На улице было уже почти темно и по-зимнему стыло, и я чувствовал, как меня продувает всего насквозь, будто я прозрачный. Мелькали редкие огни грузовиков. Шефский тимуровский день был окончен.

Но вот кто-то подошел ко мне. Хайдер. Воротник его коротенького пальто был поднят, он походил на шпиона. Вид у него был замерзший. Наверное, он был еще у кого-нибудь, а теперь пришел за мной.

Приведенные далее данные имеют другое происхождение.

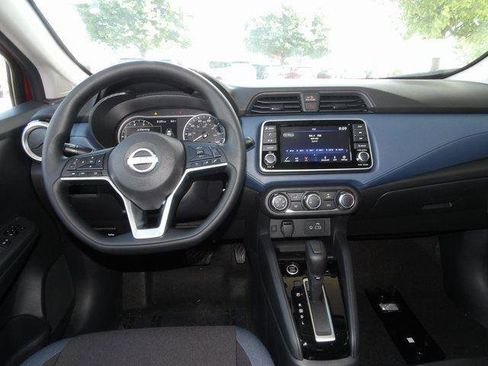Used 2025 Nissan Versa SV w/ Trunk Package image 12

— Ты ждал меня? — спросил я.

Он не ответил. После долгой паузы он сплюнул и проговорил:

— Ну, как поживает твоя фашистка?

Мне не захотелось ему отвечать, я повернулся и пошел домой.

Глава 9

Я почти бежал по темным улицам, под ногами моими хрустела слабая пленка льда. Я давил ее, из нее, как сок, вытекала вода, и студеные черные ручейки бежали по неровной, ухабистой мостовой. Скрипели под ногами застывшие желтые листья, свернувшиеся в трубку, железные, как давние кладбищенские цветы на окраине города. Безлюдно было, тихо, только завод был слышен, он гудел натужно, нарастающе, как кипящий чайник. Там собирали танки, потом их грузили на окружной станции днями и ночами, потом они стояли на платформах, тупо-бесформенные, не опасные, в зеленых чехлах, словно бы притворившиеся не танками, а тракторами или комбайнами. Их было много — длинные, как улицы, составы. Много, а все не хватало. Ох, как не хватало. И все-таки, когда я смотрел на них, меня успокаивало, что их так много. Это на одной нашей станции столько, а сколько же на всех тыловых станциях страны... Я знал: я сплю, а этот огромный чайник все пыхтит, и в нем что-то закипает, из этого кипения выходят танки утром, днем, вечером, ночью, каждый час по танку, без праздников и выходных дней.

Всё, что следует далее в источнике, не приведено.